The death of a southwestern Ontario man who was mauled by his pet tiger could have been prevented if the province had a licencing system that bans people from owning exotic animals, said the World Society for the Protection of Animals.

The death of a southwestern Ontario man who was mauled by his pet tiger could have been prevented if the province had a licencing system that bans people from owning exotic animals, said the World Society for the Protection of Animals.

Norman Buwalda, 66, was attacked and killed by the 295-kilogram tiger when he entered the animal's cage to feed it, Ontario Provincial Police Const. Troy Carlson said.

He kept the tiger on his property in Southwold, Ont., about 28 kilometres southwest of London. He was known to keep a number of other exotic animals there as well.

"It's high time that the government regulates the keeping of exotic animals," said Melissa Matlow, programs officer for WSPA, a Toronto-based animal welfare organization.

"They don't see it as necessary as far as I can tell," she said, when asked why she believes the government hasn't introduced such restrictions yet.

"It's quite a problem ... and it really isn't a surprise, considering that there's very little in place to protect these animals.

"You don't need a licence; you don't need a reason; you don't need any qualifications or training to keep a tiger or a lion or a monkey in your backyard so long as there's no municipal bylaw prohibiting the keeping of that species."

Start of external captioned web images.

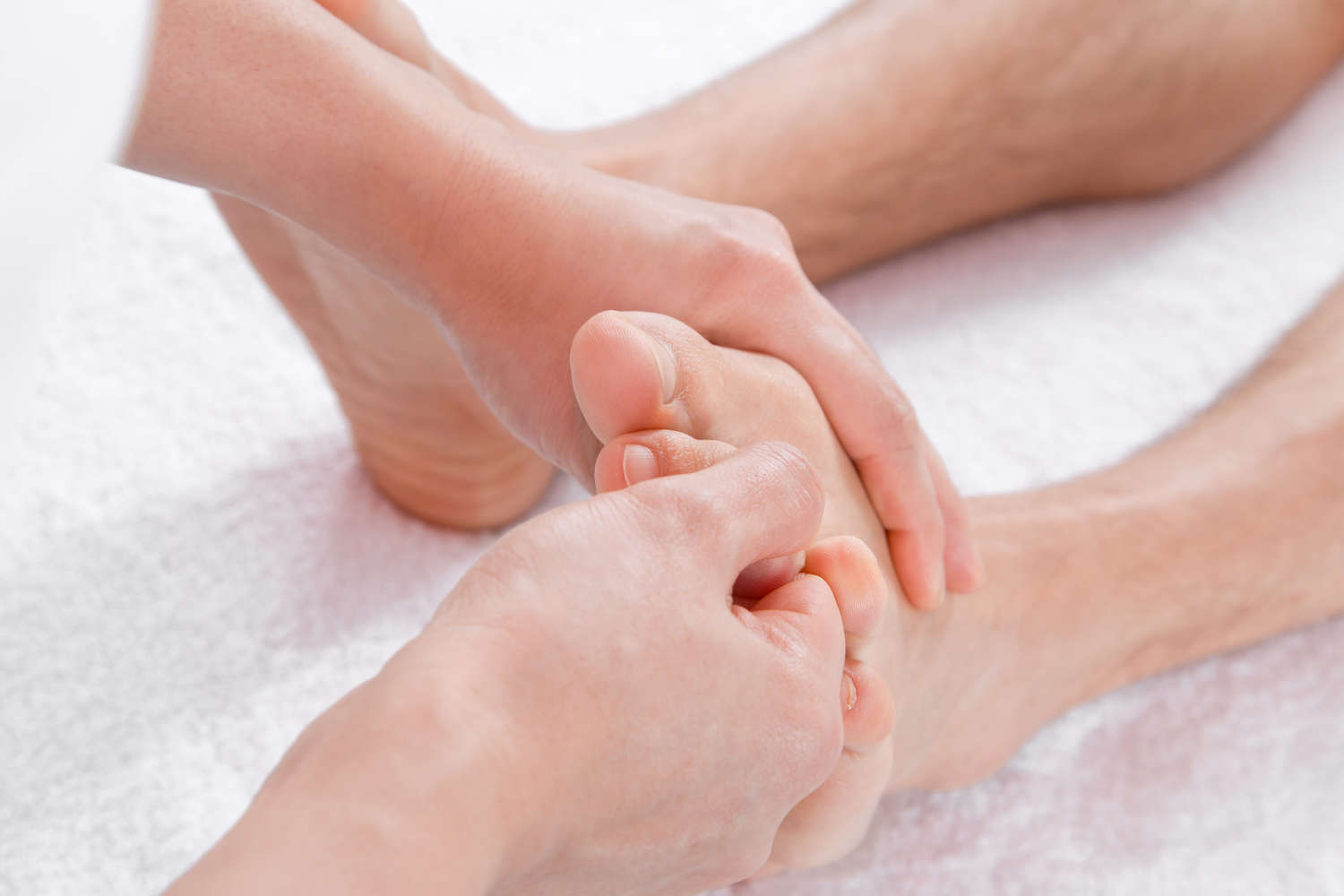   Fussreflexzonen-Massage   kann einen wertvollen Beitrag für körperlichen und seelischen Wohlbefinden leisten. 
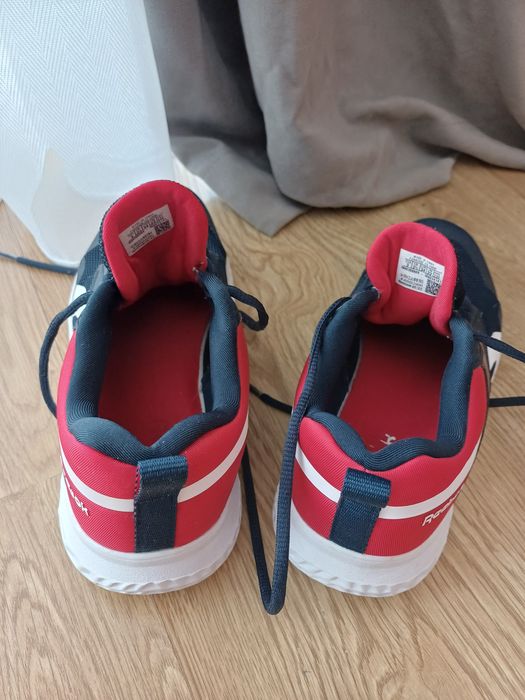 Продам кроссовки Reebok
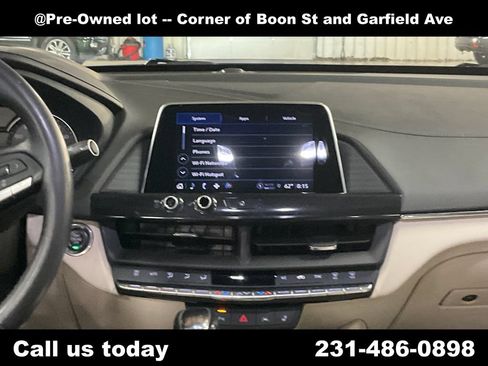 Used 2024 Cadillac CT4 Luxury w/ Cold Weather Package AWD/4WD image 19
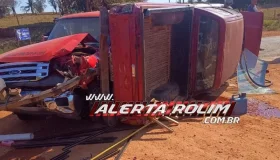 Colisão entre duas caminhonetes é registrada na RO-010 próximo ao distrito...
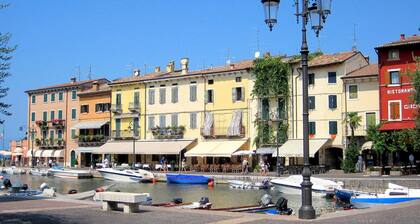 Residence and Quiet Residence With Pool, Near the Lake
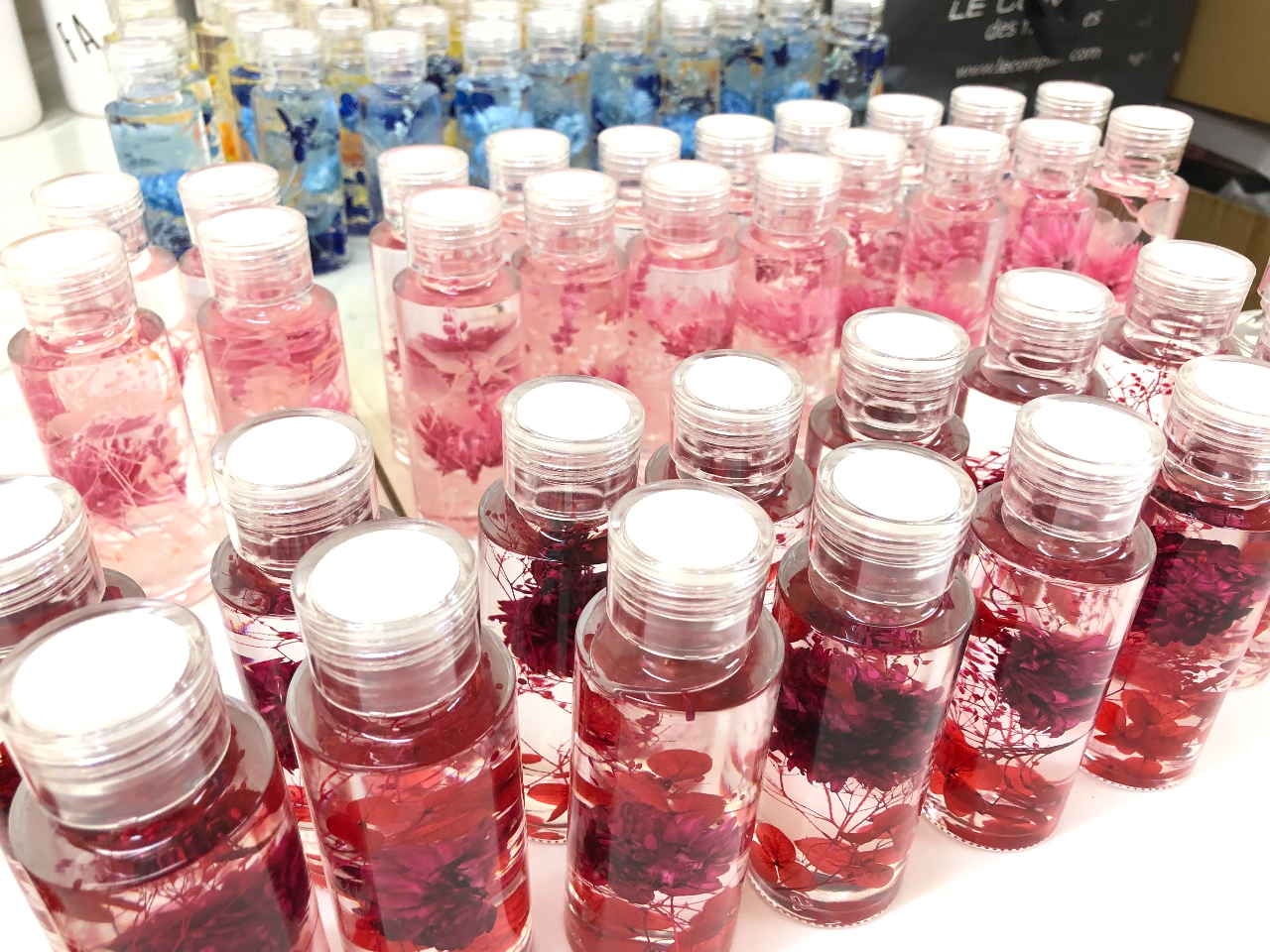 DȃJ[̂ԂIŁAr̒ɂƋlߍގԂ͂܂ɖ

Other high-profile attacks by exotic pets in recent years:

  • On Feb. 16, 2009, a 90-kilogram chimpanzee escaped from a house and mauled a woman in Connecticut. Charla Nash, 55, suffered massive injuries to her face, brain and hands when attacked by Travis, a 14-year-old chimp described as normally docile.
  • On May 10, 2007, a pet Siberian tiger on a property near 100 Mile House, B.C., killed a woman who was outside its enclosure petting it. Tanya Dumstrey-Soos, 32, bled to death after the animal grabbed her leg and mauled her. The tiger was one of several owned by her boyfriend Kim Carlton.
  • On March 3, 2005, two chimpanzees chewed off most of a 62-year-old man's face and bit his wife at a California animal sanctuary. St. James and LaDonna Davis were visiting their former pet chimp Moe at the Animal Haven Ranch. The couple were standing outside his cage when two other chimps got out of an adjoining cage and attacked.
  • On Aug. 28, 1999, a three-year-old boy was killed by his family's 2.3-metre pet African rock python in Centralia, Ill. The boy had compression marks around his chest and bite marks on his neck and ears. He had been sleeping with an aunt and uncle near the snake's terrarium.

The government could have introduced regulations on exotic species when it revised its animal protection law last year, she said. 

Those changes gave the Ontario Society for the Prevention of Cruelty to Animals expanded powers to respond to complaints of animal cruelty.

"But [OSPCA workers] don't have the resources to proactively inspect these places to make sure that the animals are kept safely in the first place, and it's not adequate," Matlow said.

60% of Canadian zoos in Ontario

Ontario is the only province that doesn't require people to have a licence to keep dangerous exotic animals, according to WSPA. About 60 per cent of all Canadian zoos are in Ontario, and about 500 exotic cats are kept as pets in the province, the society says.

Matlow said Ontario could have followed the lead of British Columbia, which last year implemented new rules to ban dangerous pets that could harm the public. The move came after Tania Dumstrey-Soos, 32, was clawed by a Siberian tiger owned by her boyfriend and bled to death. The attack occurred in front of her children.

In Ontario since 1985, there have been about 50 reported incidents of exotic animals — including tigers, lions, jaguars, bobcats, bears and wolves — either escaping from zoos, sanctuaries, exhibits or private properties or attacking people, according to the society.

Sunday's attack is not the first one to occur on Buwalda's property. In June 2004, a 10-year-old boy was mauled by a Siberian tiger that was led out of its cage on a leash so the child could take its picture.

The boy suffered severe neck and head injuries. Buwalda, who was the chairman of the Canadian Exotic Animal Owner's Association, never faced charges because he was legally entitled to own the animals.

Neighbours in the rural community said they have spent nearly five years fighting to have the animals removed from the property, but all attempts failed.

Nicole Balogh was one of the many neighbours who went to the Southwold Township and helped get a bylaw passed to ban a person from owning exotic animals. But Buwalda fought the bylaw and won.

Southwold Mayor John McIntyre said he will try again to implement the bylaw.

"Well, I guess I think we were still right at the onset," he told CBC News on Monday.

"I feel as if it's my duty as mayor of the municipality to bring this thing back up again, and council will have some discussion on it ... and we'll take it from there."

Police are still investigating but said they are not sure what will happen with the animal.

An autopsy was to be performed on Buwulda Monday.